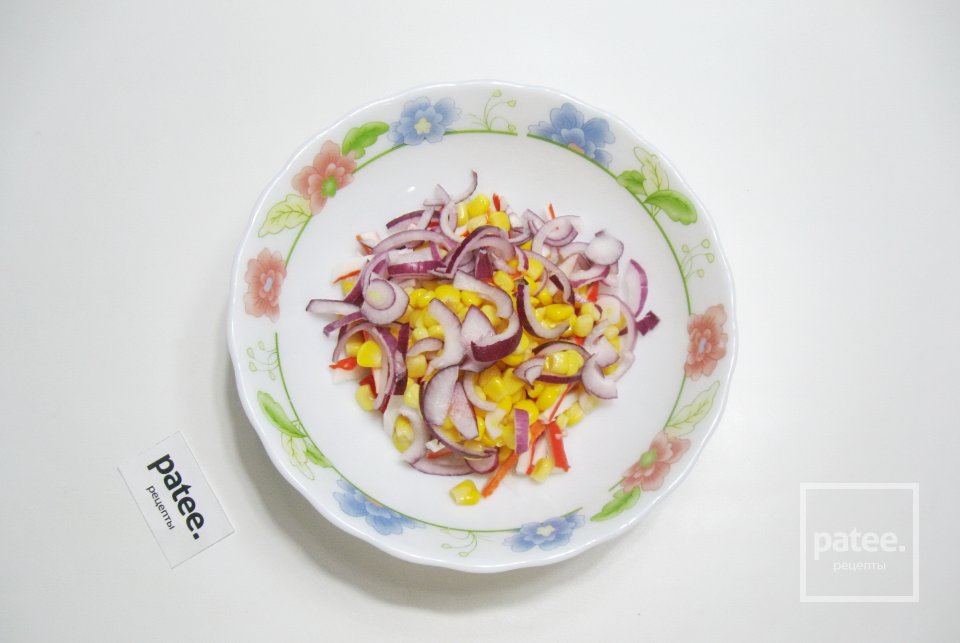 Салат с крабовыми палочками без майонеза - Шаг 4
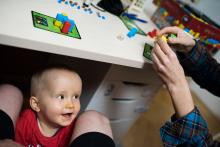 A smál se mamince, že jí to Ubongo 3D, level 1 (dětská obtížnost) ale vůbec nejde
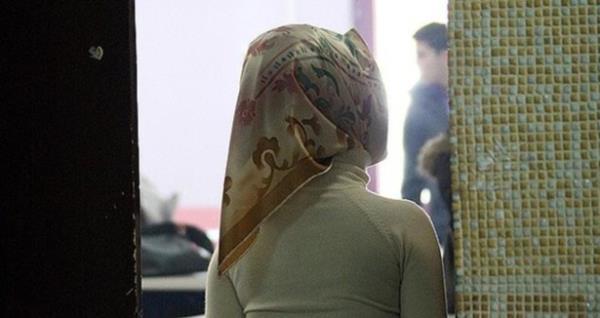 <p><b>BARTS SERBESTL</b></p>  Ortaokul ve liselerde uygulanan ba ak eitim grme zorunluluu kaldrlm, <b>pirsing ve dvme yasaklanmtr.</b>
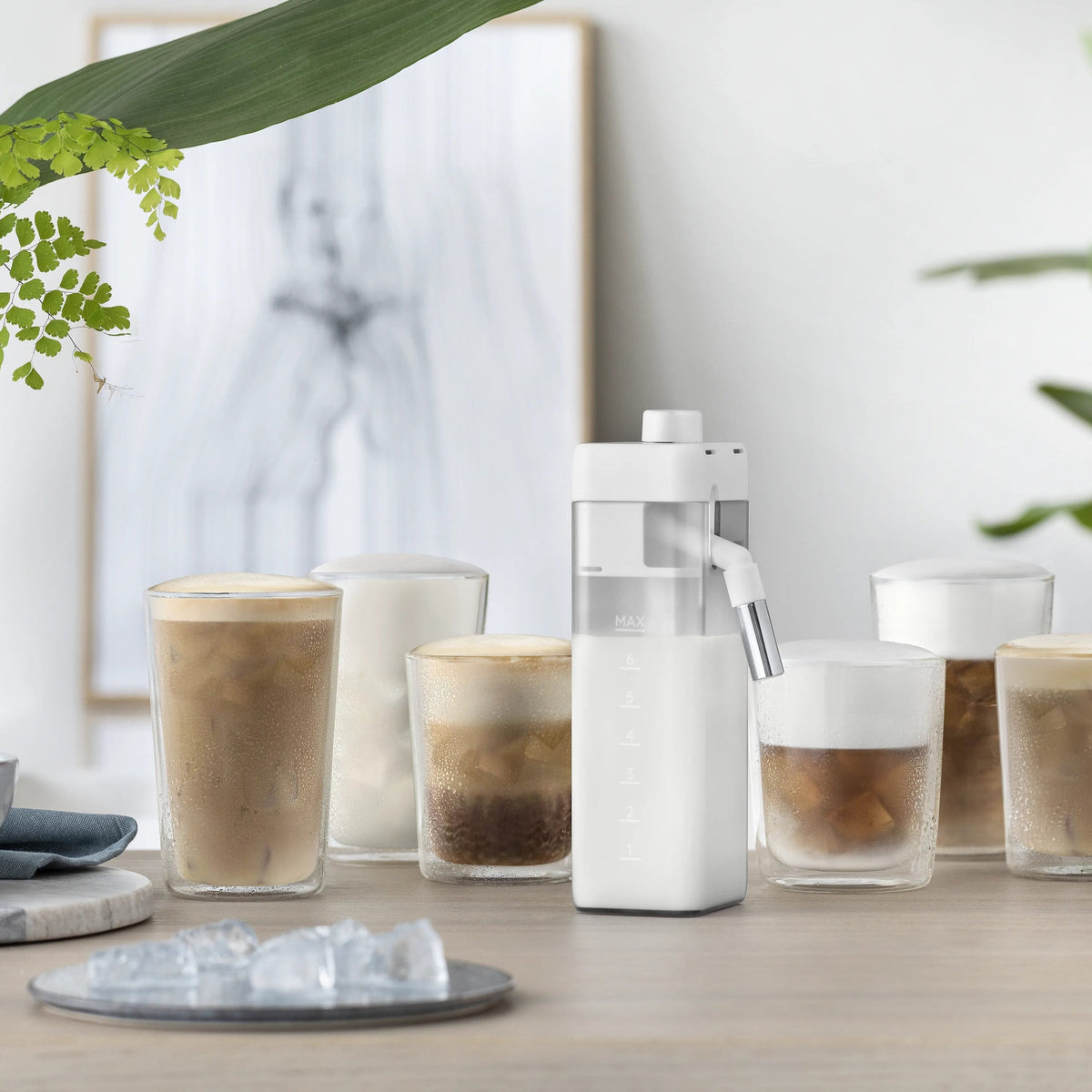 De'Longhi LatteCrema Cool Upgrade Set for Rivelia, iced coffees in the thermal glasses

## Exercise brief
Without including any picture, reproduce the material above word for word.

## Result for this task
 Салат с крабовыми палочками без майонеза - Шаг 4
 A smál se mamince, že jí to Ubongo 3D, level 1 (dětská obtížnost) ale vůbec nejde
 <p><b>BARTS SERBESTL</b></p>  Ortaokul ve liselerde uygulanan ba ak eitim grme zorunluluu kaldrlm, <b>pirsing ve dvme yasaklanmtr.</b>
 De'Longhi LatteCrema Cool Upgrade Set for Rivelia, iced coffees in the thermal glasses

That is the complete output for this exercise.